1 Introduction

Video streaming is a massive industry and keeps growing. Account sharing is a major problem faced by streaming service providers. According to a poll by Consumer Reports in 2015  [2], \(46\%\) of respondents who use a streaming service share their account with someone outside their households. An earlier poll by Thomson Reuters in 2014 found that \(15\%\) to \(20\%\) millennials shared their accounts  [1]. More recent, a study by CNBC in 2018 found that an estimated \(35\%\) of millennials share passwords for streaming services  [7]. Consequently, the streaming industry loses huge potential revenue due to account sharing. The loss could be hundreds of millions of dollars annually for Netflix alone  [7].

Although streaming service providers have strong financial interests in addressing the problem, they face multiple challenges when trying to identify shared accounts. 1. Huge volume of data: leading providers have millions of users and billions of sessions each month. 2. Unstructured and noisy data: session logs are plain text with lots of noise: missing information, numerical error, etc. 3. Perhaps the trickiest problem is that it is perfectly legitimate to share within a household. Family members can share one account from anywhere (e.g. home, office, school or on travel) and use any device. Only accounts which are shared across household are against policies and should be pursued. Currently, service providers choose not to manually identify/label account sharing because it is too costly and prone to error. Note account sharing in this paper refers to against-policy sharing unless we explicitly note otherwise.

1.1 Problem Definition

In this paper, we focus on the video streaming service in the TV Everywhere ecosystem, although our solution can be easily adapted to other services. TV Everywhere is also known as authenticated streaming service, where subscribers are authenticated and authorized to stream video from Multichannel Video Programming Distributors (MVPDs). Major MVPDs in USA all have millions of subscribers. For example, both \( AT \& T\) and Comcast have 20+ million subscribers  [5]. The TV Everywhere ecosystem has access to session logs of all subscribers. Each session log contains a slew of information such as account ID, location and some content information, as shown in Fig. 1.

Fig. 1.
figure 1

An example session log. Each session log contains information such as the subscriber’s ID (obfuscated), the device used for connection, the GPS location, etc.

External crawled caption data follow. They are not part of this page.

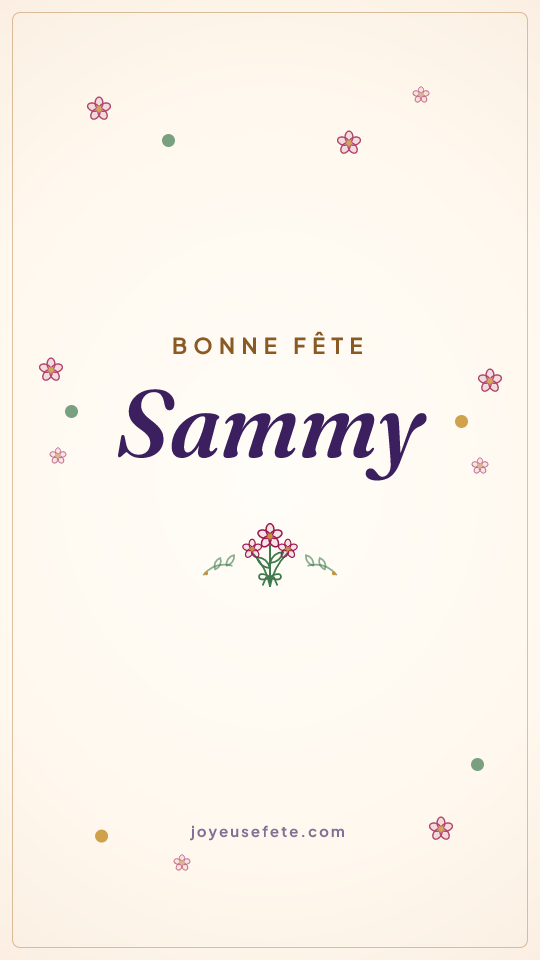 Image « Bonne fête Sammy » au format story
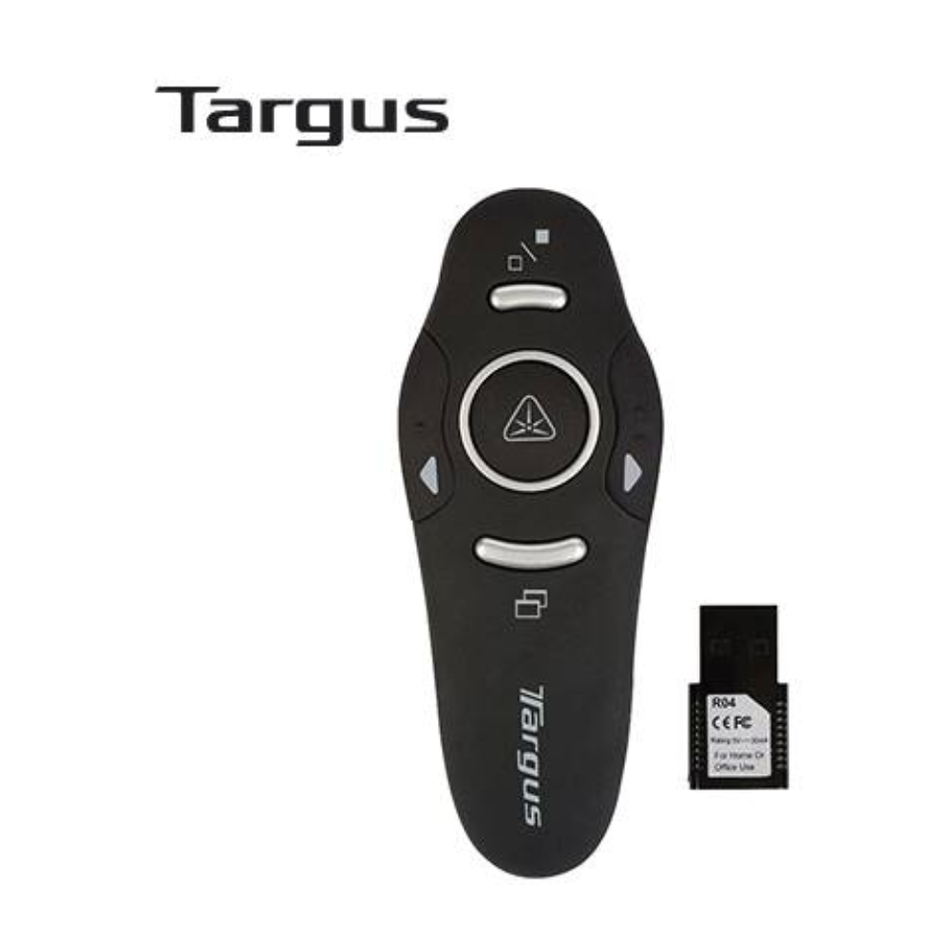 TARGUS AMP16US PRESENTADOR INALÁMBRICO CON PUNTERO LÁSER 15 M DE ALCANCE (AMP16US)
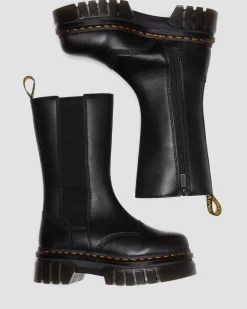 Dr. Martens Chelsea Boots Audrick Tall Noir — Nappa Lux Cheap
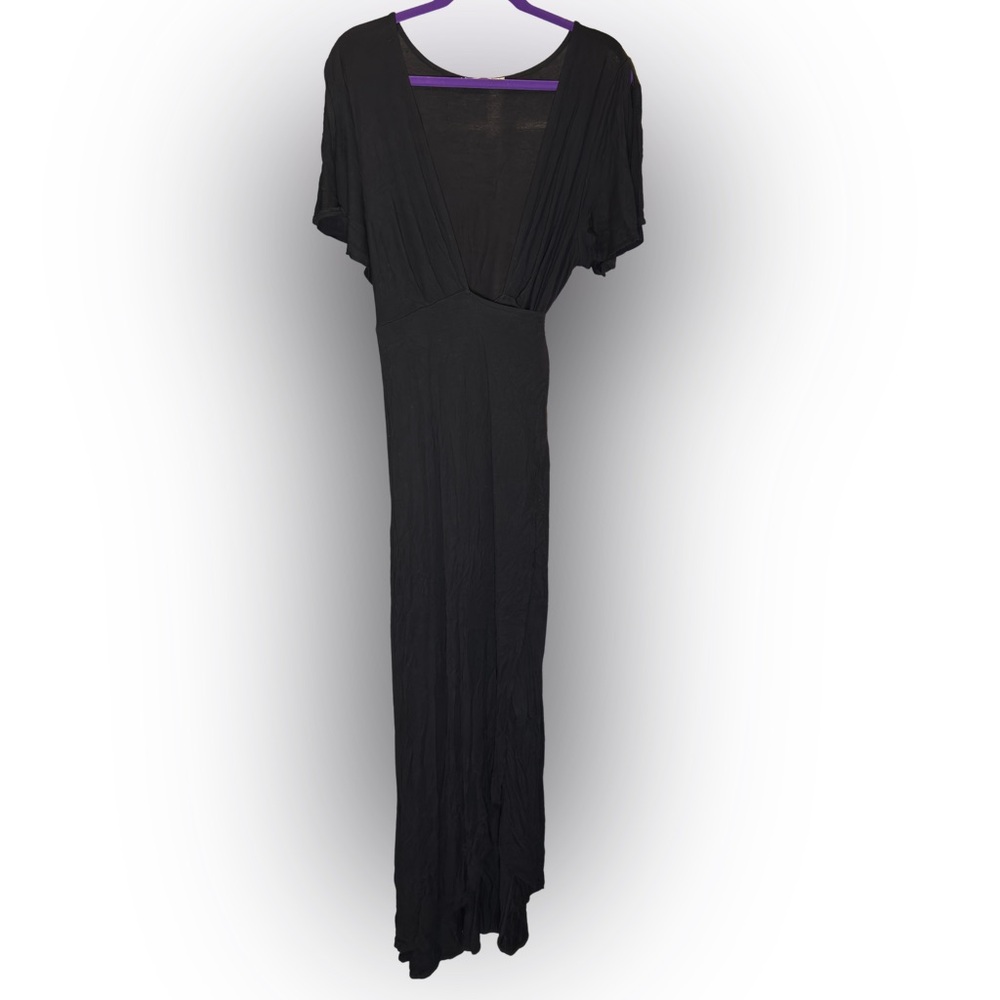 Emerald Black Wrap Dress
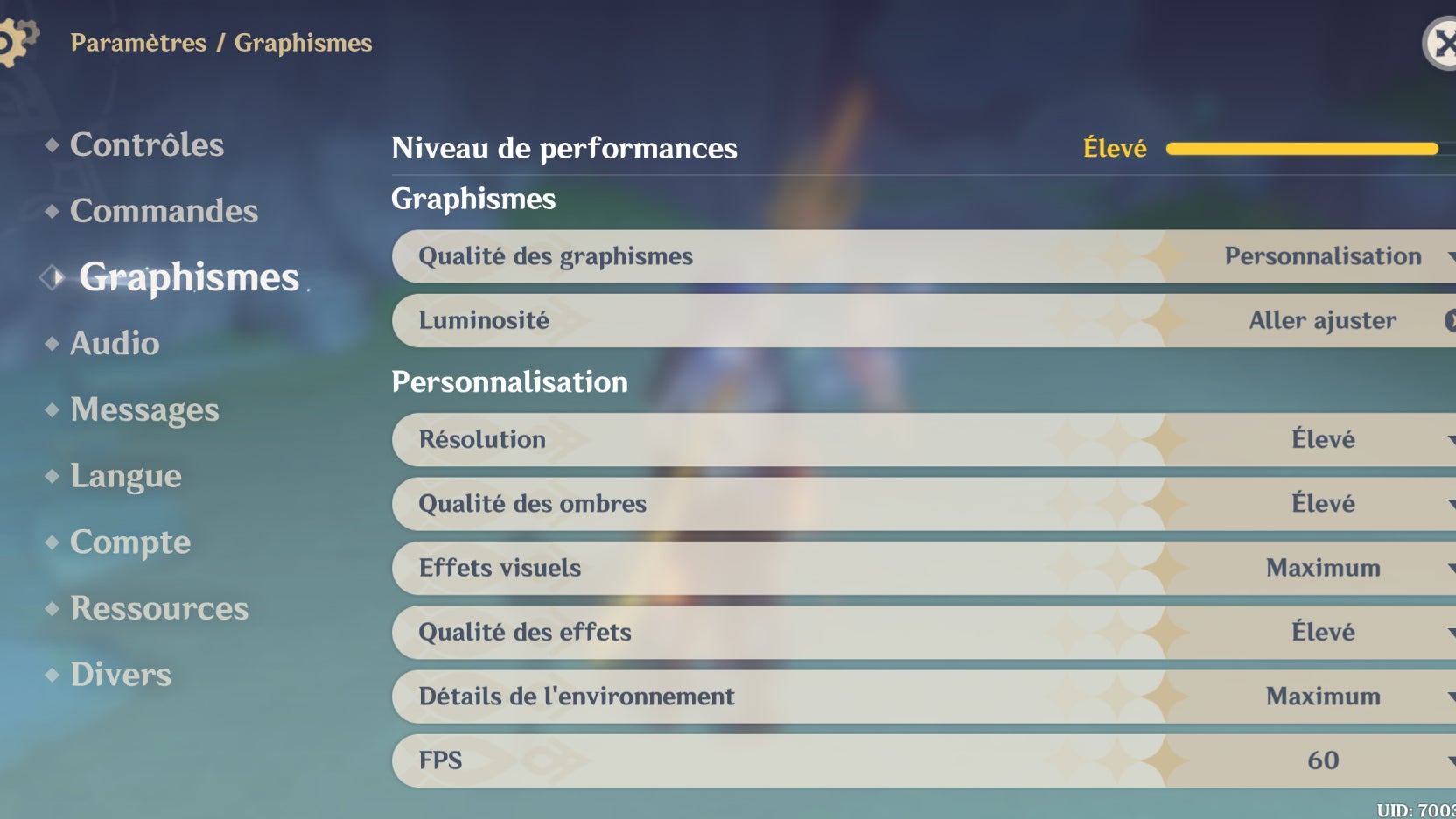 Les paramètres de Genshin Impact peuvent être poussés étonnamment haut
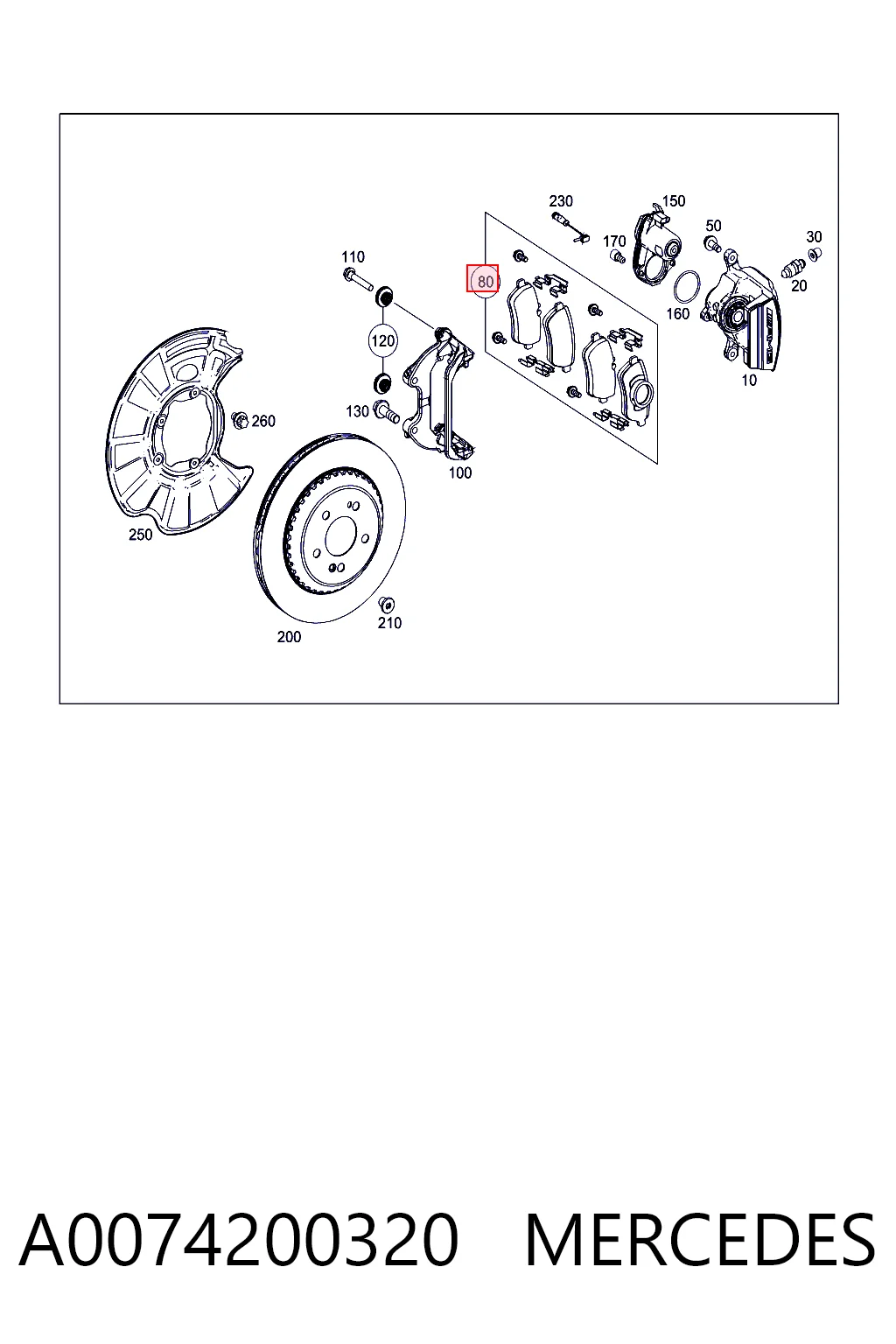 A0074200320 Mercedes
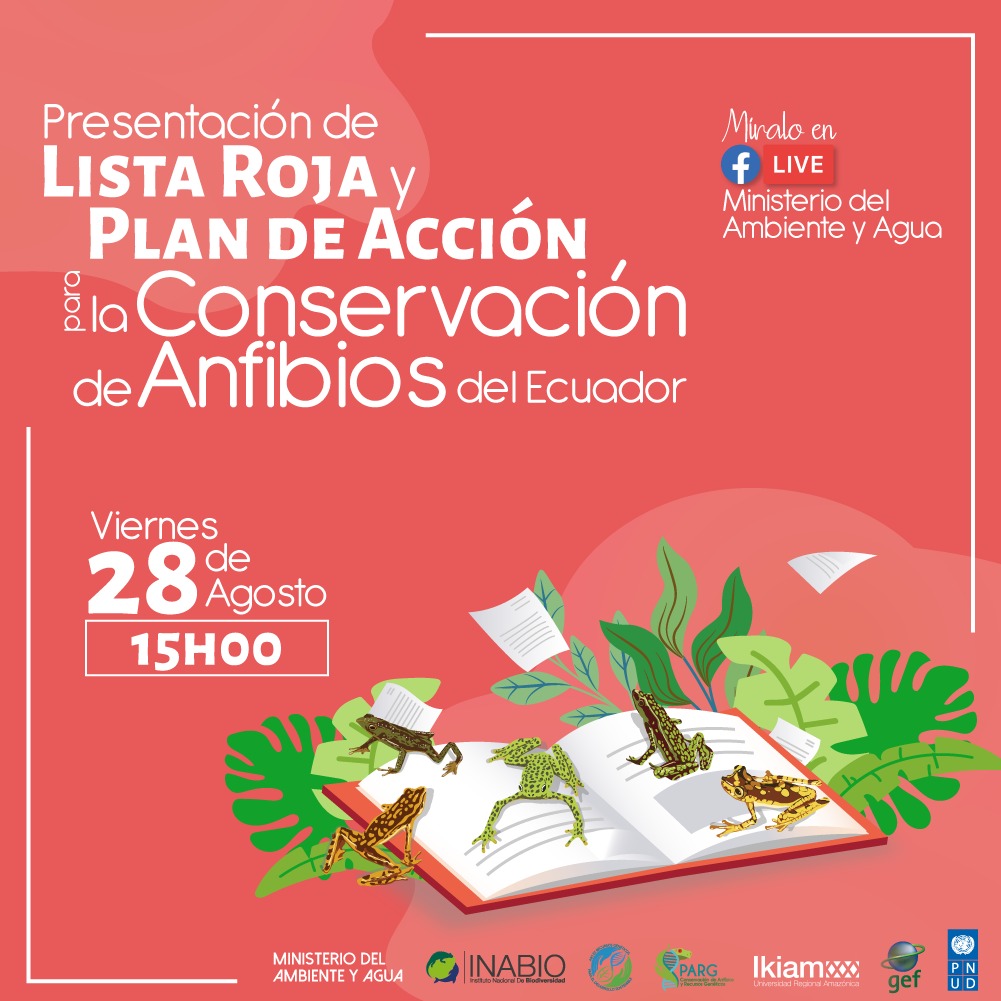 OswaldoGomezS's tweet photo. oikossokio: RT BioGeoE2: Inauguramos la #CuentaOficial del Grupo de Biogeografía y Ecología Espacial de u_ikiam #BioGeoE2, con la invitación a la presentación de la Lista Roja de los Anfibios del Ecuador 2020 y su Plan de Acción para la Conservación.
--… https://t.co/w3FAlEPo3N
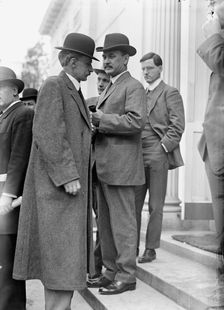 David Franklin Houston, Secretary of Agriculture, Center, 1913. Creator: Harris & Ewing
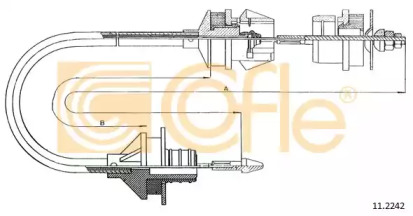 Трос COFLE 11.2242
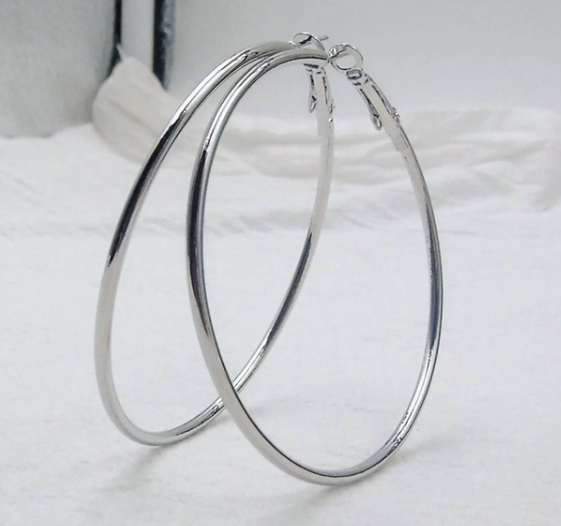 Stainless Steel Hoop Earrings 1.5 mm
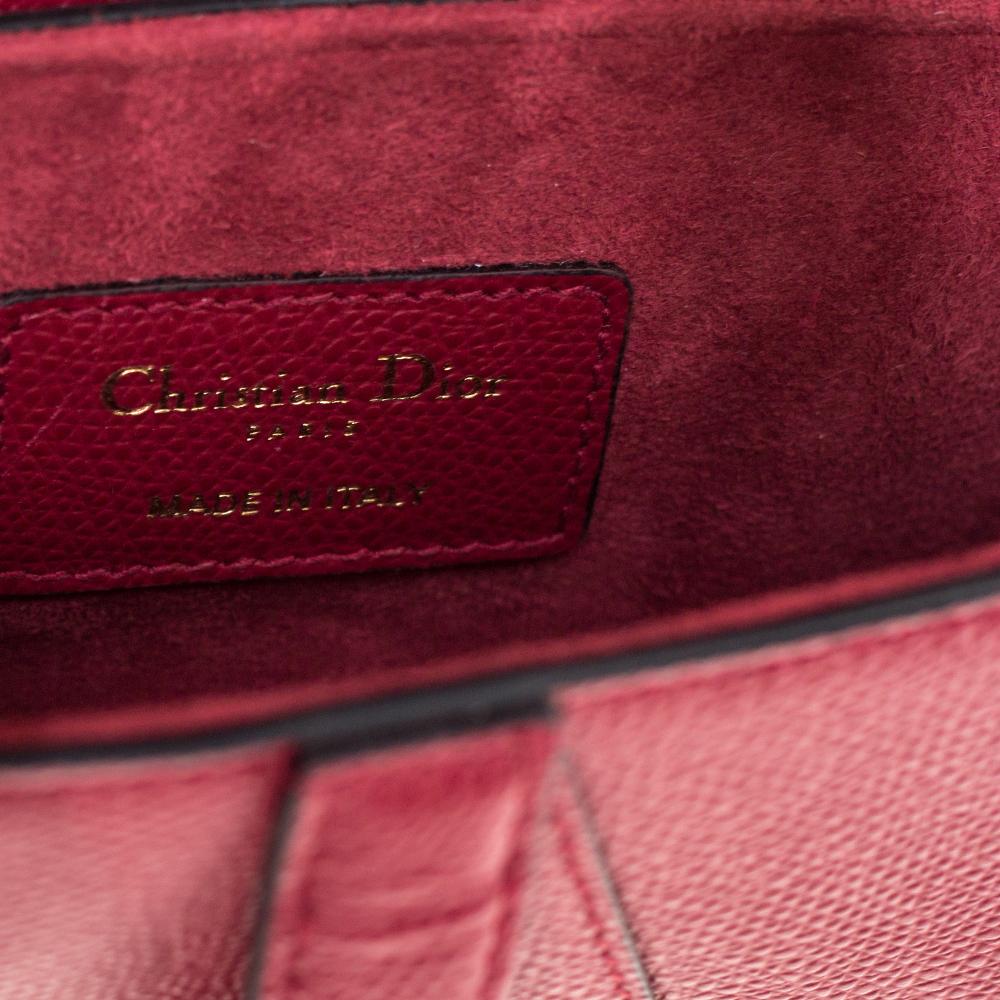 Borsa Dior in pelle rossa 5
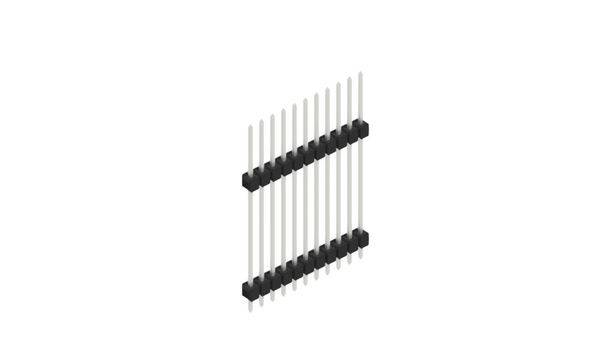 Fischer Elektronik Stiftleiste (Standard) Anzahl Reihen: 1 10051264 10St.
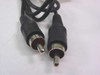 Compaq 247088-001 RCA cable close-up of two male RCA phono connectors with chrome tips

We propose to utilize the session information for creating a service which automatically identifies shared accounts. MVPDs can benefit from the service in two ways: (1) the opportunity of growing revenue remarkably: conversion of shared accounts to regular paid accounts, even just a small fraction of them, will bring in millions of dollars because of their large customer bases; (2) limiting the number of shared accounts also translates to server/network load reduction, which leads to significant cost cutting.

One big challenge for this service is that there is no ground truth label, since the labeling cost is prohibitive as we discussed in Sect. 1. This certainly constrains our choice of algorithms. More importantly, a big question arises: without any ground truth to compare against, how can we justify the results of the service? This question is crucial for demonstrating the value of the service due to the consequences of regulating account sharing: treating normal accounts as shared accounts (false alarm) will annoy their subscribers and lead to potential loss of business. Classifying shared accounts as regular accounts, on the other hand, means the solution brings no value to them. We believe that only an explainable and presentable solution can address this challenge. Whether an account is identified as shared or not, it is paramount that MVPDs can easily understand the reason so to trust the results.

2 Existing Work

The streaming industry has tried to restrain account sharing by adding constraints to user accounts: (1) limiting the number of concurrent streaming; (2) asking users to register a limited number of devices to their accounts. However, the first approach can adversely affect concurrent streaming by family members, who are entitled to do so. In addition, limiting concurrent streaming can be circumvented by sharing accounts at different time periods. Having to register a limited number of devices will hurt customer experience and is not desirable either: first, it is a hassle to do the registration; second, customers are having more and more devices and they can easily hit the limit. In addition, an account owner can sell/give the “registered” device to other people, so they can use the device for streaming and easily defeat the policy.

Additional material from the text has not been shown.